Lead Advisory for Healthcare Providers

Recall Expanded for Blood Lead Testing Equipment

Posted Oct. 27, 2021. Past health advisories and alerts are archived for historical purposes and are not maintained or updated.

Magellan Diagnostics, Inc. and the U.S. Food and Drug Administration (FDA) have issued notifications about the expansion of Magellan Diagnostics’ recall of LeadCare II, LeadCare Plus, and LeadCare Ultra Blood Lead Tests, which were distributed from October 27, 2020, to August 19, 2021. Additional LeadCare II product lots, including lots previously reported to be unaffected, were recalled due to a significant risk of falsely low results. (See SRHD’s previous advisory on this topic from July 2021.) FDA has concerns that the falsely low results may contribute to health risks in special populations such as young children and pregnant individuals.

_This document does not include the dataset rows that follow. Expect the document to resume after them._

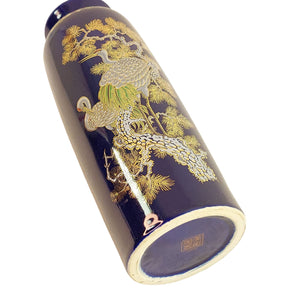 Japanese Vase White Cranes Gold Accents Ceramic Hallmarked Vintage Decor 10"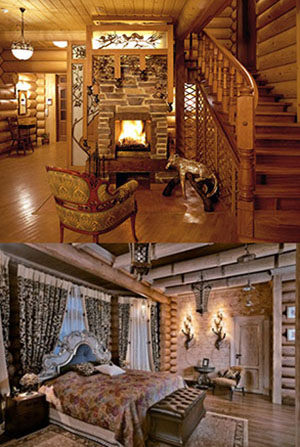 Interior intr-o casa din lemn din busteni rotunzi
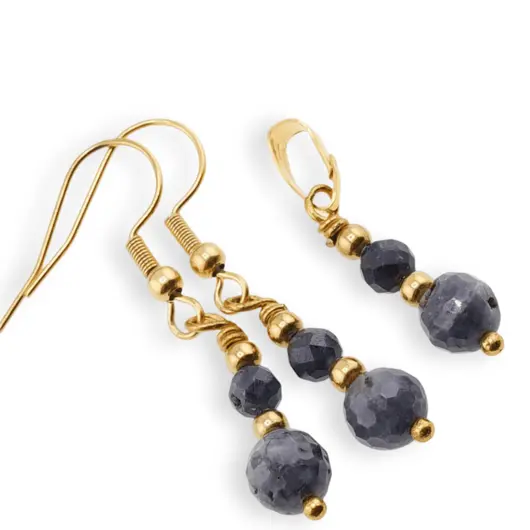 Set Cercei si Pandantiv Safir sfere fatetate cu bumbi aurii, 4-6mm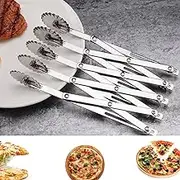 Maaua 5 Wheel Pastry Cutter Upgraded - Expandable Telescopic Pizza Slicer Multi-Round Lace Pattern Baking Dough Divider Roller for Pizza, Bread and Cakes, Silver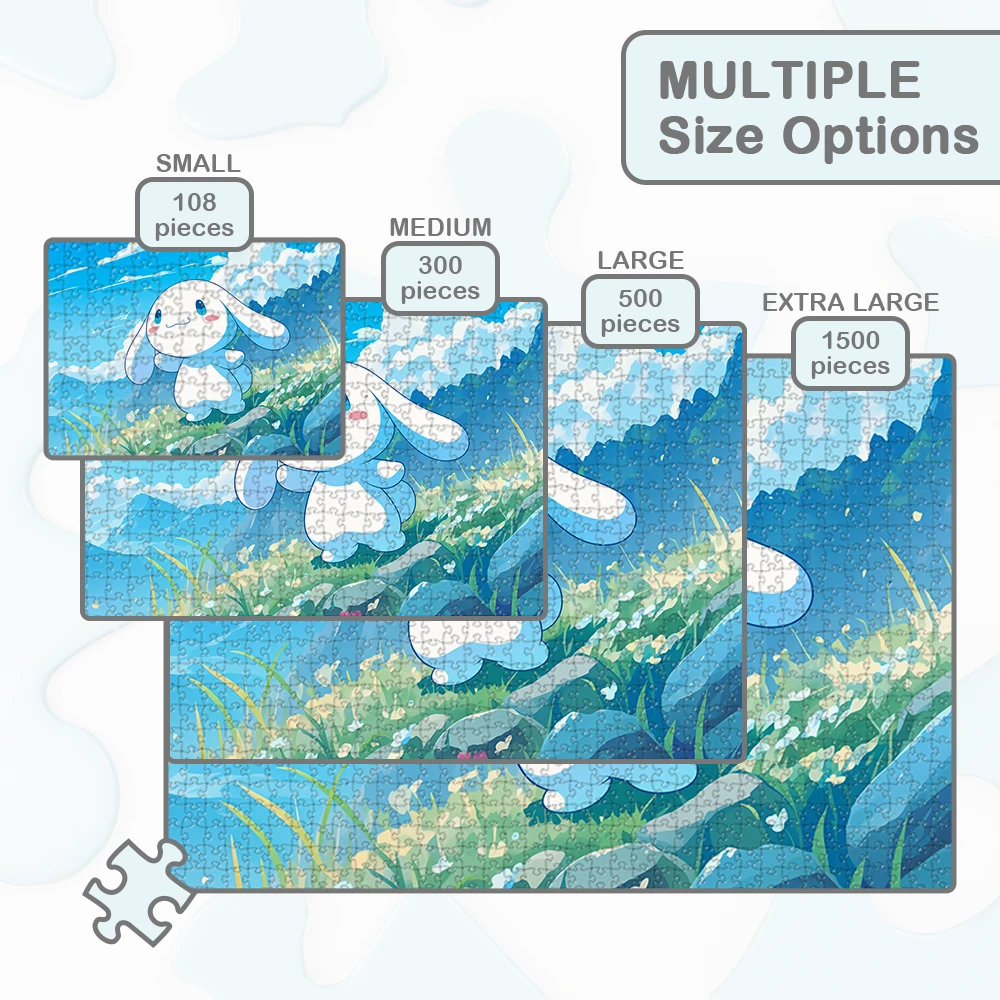 Cinnamoroll Jigsaw Puzzles Cartoon Natural Scenery Games and Puzzles 108/200/300/500/1000/1500 Pieces Sanrio Puzzles for Adults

The recall now includes the majority of all test kits distributed since October 27, 2020. Product distribution has been paused until further notice, and replacement product is currently unavailable. It is unknown when replacement product will be available.

Recommendations for Clinicians

  • Continue to schedule and perform required blood lead tests for patients. A venous or capillary blood sample analyzed using higher complexity methods such as inductively coupled plasma mass spectrometry (ICP-MS) or graphite furnace atomic absorption spectroscopy (GFAAS) from a CLIA compliant clinical laboratory should be used if LeadCare lead test kits are unavailable.
  • Discontinue using all test kit lots identified as part of the recall.
  • Retest children who were tested with the recalled LeadCare lead test kits whose results were less than CDC’s blood lead reference value. Retesting should be done with a venous blood sample analyzed with higher complexity testing.
  • Retest children who were previously tested with a LeadCare test kit if the lot number of the initial test kit is unknown and the test was done after October 27, 2020.
  • Prioritize testing for:
    • Children where there is clinical concern that symptoms or developmental problems may be related to lead exposure,
    • Populations at higher risk of elevated blood lead levels, such as children tested due to Medicaid-required screening or due to other state or local requirements,
    • Individuals who are pregnant or breastfeeding, and
    • Children who are immigrants, refugees, or recently adopted from outside of the United States.
  • Discuss the recall and recommendations with a parent/caregivers of children who meet retesting criteria.
  • Follow recommendations for best practices when collecting a capillary blood sample for lead testing.